The second tab, "Parameter Regression", is where the magic happens. The bottom right plot shows the mean state of the model. The red lines show vertical velocity as calculated by the change in pressure over time, and the blue line as per the buoyancy model. The difference between the two is an estimation of vertical advection (WH2O). The regression is based on the assumption that there should be almost no WH2O.

To start, I recommend selecting the "Attempt auto regress" button. This will perform the regression suggested by the University of Washington. It will try to minimise the mean WH2O by changing the lift (hd_a), drag (hd_b) and glider volume (volmax) parameters. It will do two passes by default. On the second pass, look at the improvement on the minimisation score. If the change is small (< 1%) then there will be little to no further improvements to be gained with further auto-regressions. At this point, most users will be satisfied with the results and will be able to move ahead.

For gliders with particularly unusual and large sensor loads, large quantities of syntactic foam or in very extreme environments (ie. temperature gradients greater than 20 degrees), it may be worth playing with the other parameters. In these cases, you'll usually see a poorly constrained flight models in certain vertical regions, and/or a skewed estimates of WH2O (the green line). In such cases, I usually deselect hd_a, hd_b and volmax so that they remain fixed and select hd_c (induced drag, if I have a very large and protruding sensor load), absolute compression or thermal expansion (if I have large amounts of syntactic foam, reagent bags or large non compressible sensors). I then sclick the "Regress parameters" button and inspect the bottom right plot to assess what improvements may have occurred. I strongly recommend reading the Frajka-Williams et al. (2011) paper for more information on the effects of the various parameters and the different scoring functions.
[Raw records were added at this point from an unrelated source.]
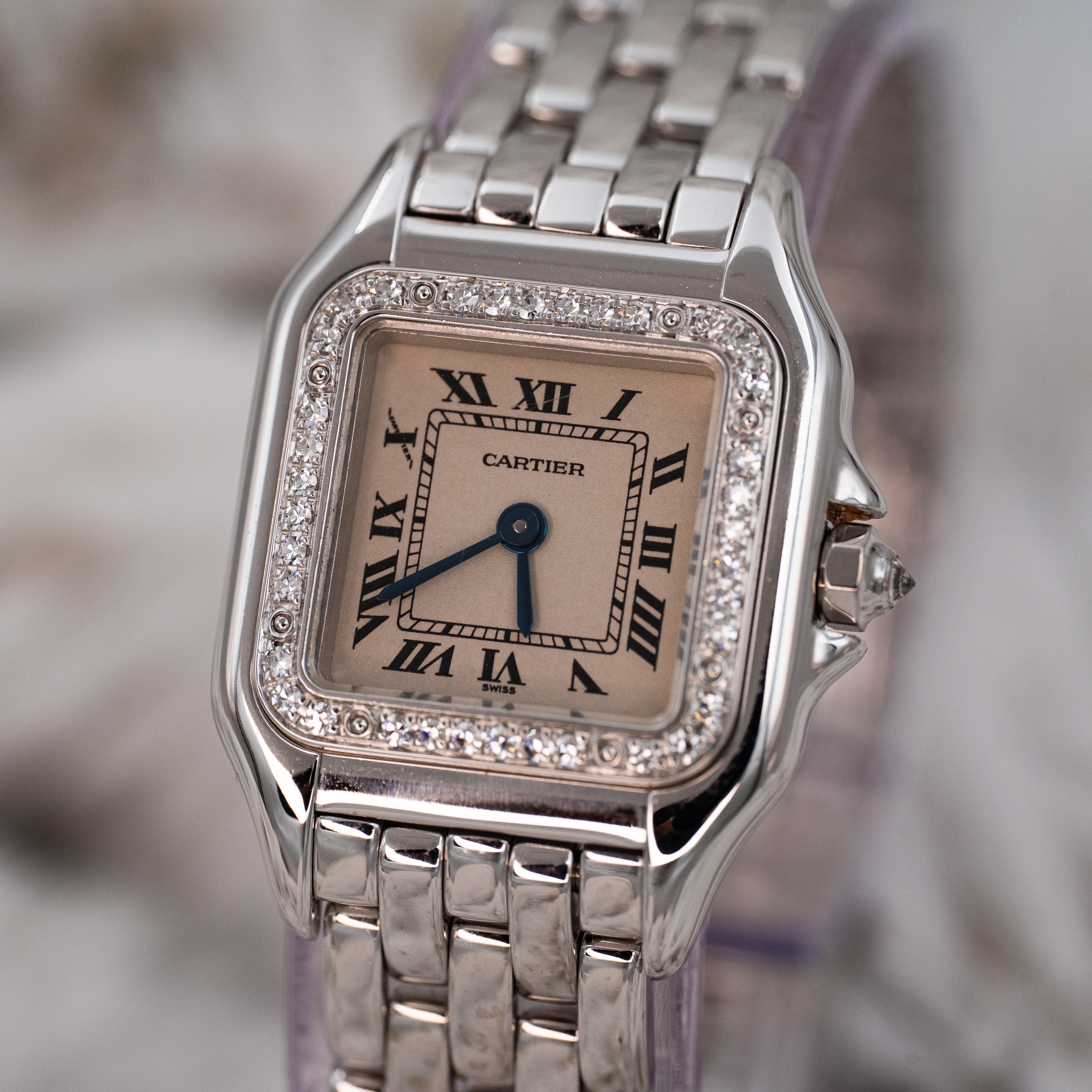 Cartier Panthere 1660 Quartz 18k White Gold Ladies 22mm w Cartier Travel Case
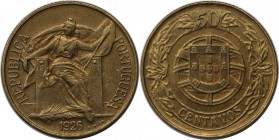 Europäische Münzen und Medaillen, Portugal. 50 Centavos 1926. Aluminium-Bronze. KM 575. Vorzüglich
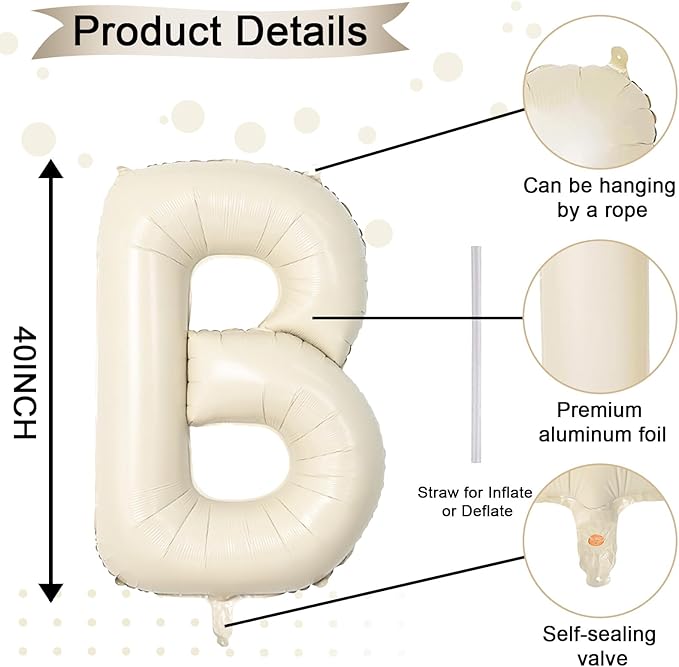 40 Inch Letter Balloons B, Big Custom A-Z Alphabet Foil Name Balloon Cream White, Self Inflating Beige Customize Helium Balloon Letters B for Women Girls Birthday Bride Baby Shower Party Decorations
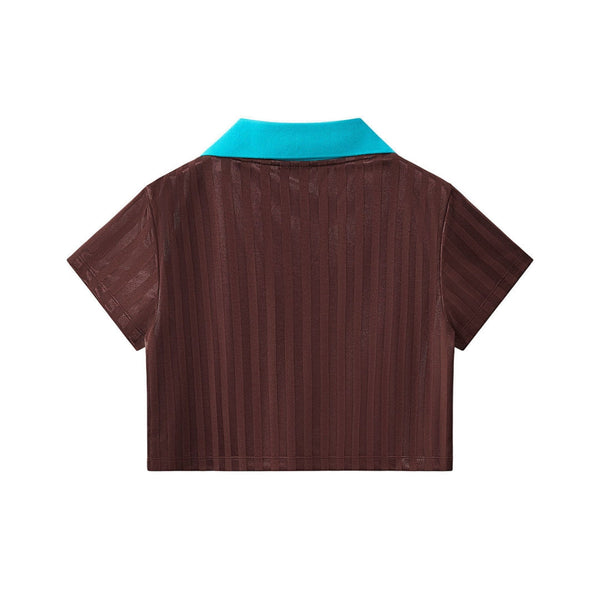 Contrast Panel Y2K Athletic Crop Tee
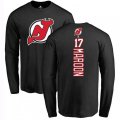New Jersey Devils #17 Patrick Maroon Black Backer Long Sleeve T-Shirt
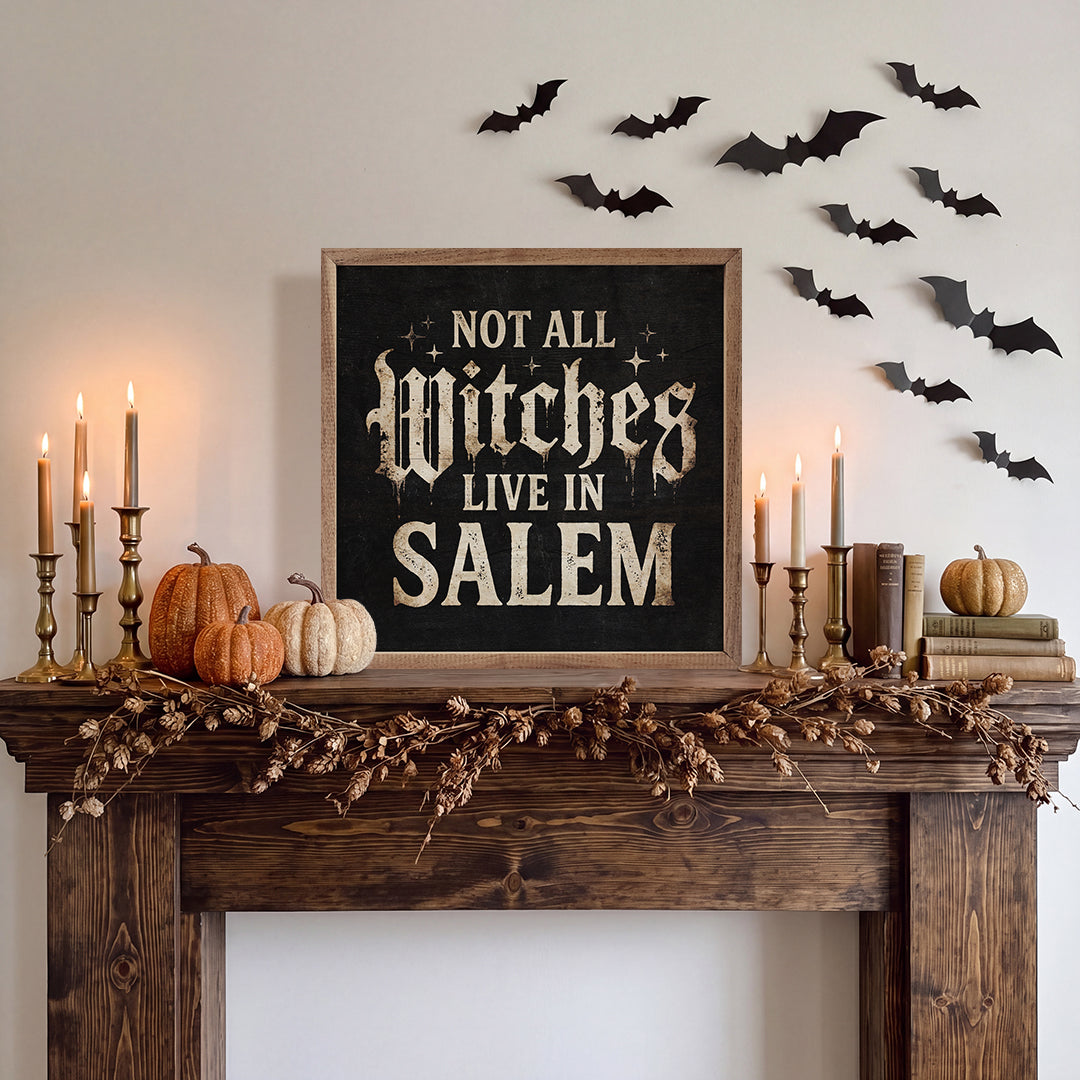 Not All Witches Printed and Framed Wall Sign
The third tab, "Visualisation", is useful for assessing the quality of your regression. At present, this tab shows 3 separate plots. The top left shows estimated WH2O. Ideally, you'll see almost no signal, or a signal consistent with the hydrographic properties of the section. What you DO NOT want to see is a pattern consistent with changes in flight shape; this indicates a poorly constrained flight model. The bottom left plot shows differences between up and down casts of WH2O. In this plot, you're essentially looking for the opposite. In ideal conditions, it will appear as random noise. You DO NOT want to see structure similar to hydrographic changes (or flight parameters for that matter). It is rare, even in well constrained flight models for this to be completely the case. It is very hard to assess whether what you observe is real or not and will always require in-depth investigation separate from the toolbox. Finally, the third plot on the right shows an estimate of stratification agains WH2O. In a well constrained flight model you will see exponentially decreasing WH2O as buoyancy frequency increases. Proper assessment of WH2O from gliders is still more of an art than a science - at least for now. Don't trust the output as it comes, it should be considered a qualitative rather than quantitative estimate.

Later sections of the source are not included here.